Hello all,
Coming back to Andy's questions:
1. Can papers on EBMT succeed in getting published (especially in
non-expert, i.e. MT-specific, conferences) without making direct
comparisons to SMT?
Certainly one giant step in this direction would be made if people doing SMT of the phrase-based flavor (i.e. just about everybody in SMT these days) acknowledged the fact that, as Harry and Ed rightly point out, what they are doing is really just EBMT with a statistical twist. Unfortunately, in my experience, SMT people seem very reluctant to admit this. Why this is so is not so clear, but I suspect that the EBMT label has a bit of a dubious reputation among the machine-learning crowd. And maybe one of the reasons for that is that very few EBMT papers report on quantitative evaluations.
While subjective human MT evaluations are very costly, there are now a number of alternatives (BLEU, NIST, recall/precision) which are cheap, easy to use, and available for anyone with an internet connection. And in spite of all the controversy that these methods stir, they are better than nothing.
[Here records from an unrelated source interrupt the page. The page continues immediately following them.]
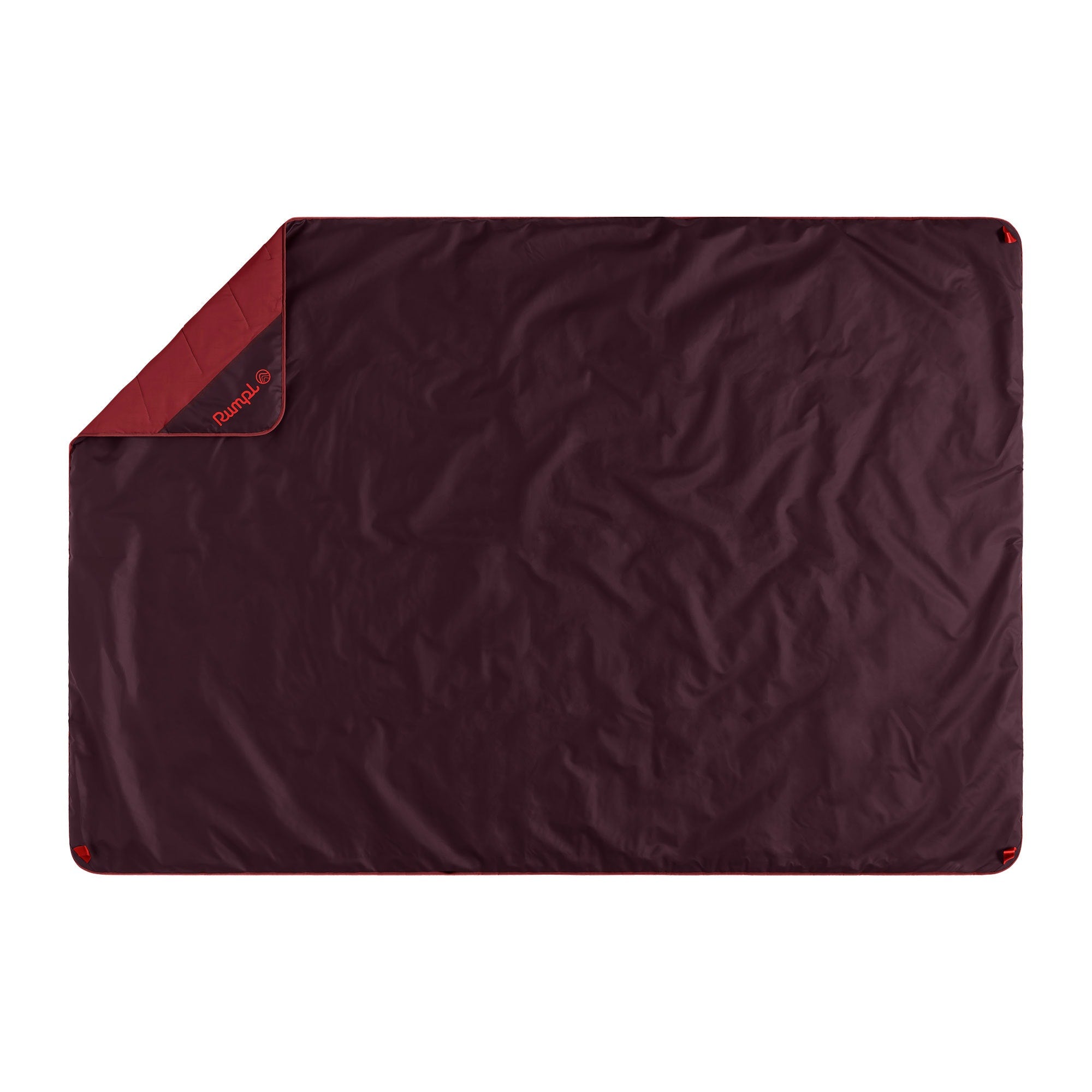 Overland Mat - Cherry Fig - Image 8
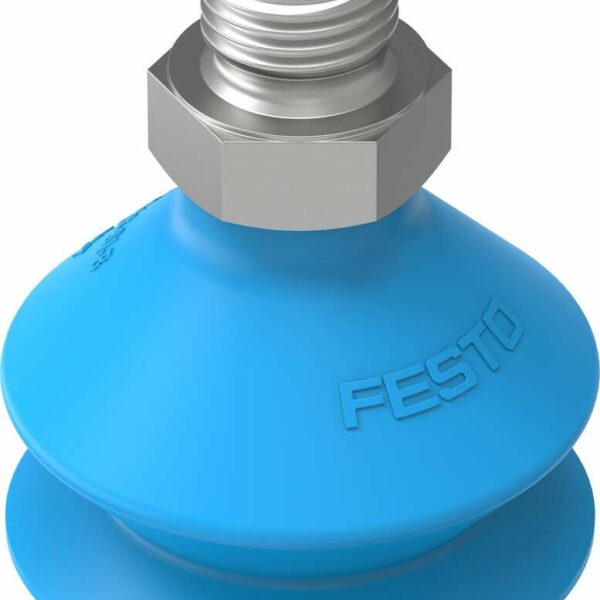 FESTO 1395690 Ricambi pneumatici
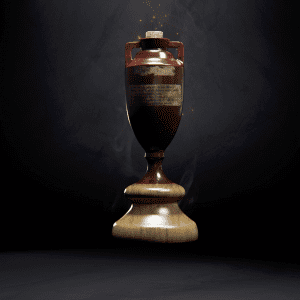 TheAshes2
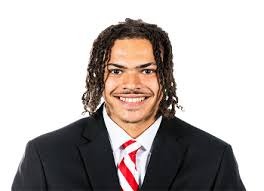 Mekhi Nelson photo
2. Can anyone envisage a situation where an SMT paper was asked to
compare its results against an MT model?
I think an SMT paper that doesn't report on empirical comparisons with competing systems or approaches is just as likely to get rejected as Andy's. For better or for worse, that's the name of the game these days. But you can't empirically compare against approaches for which there are no empirical evaluations. So SMT papers report comparisons with what's available: other SMT systems.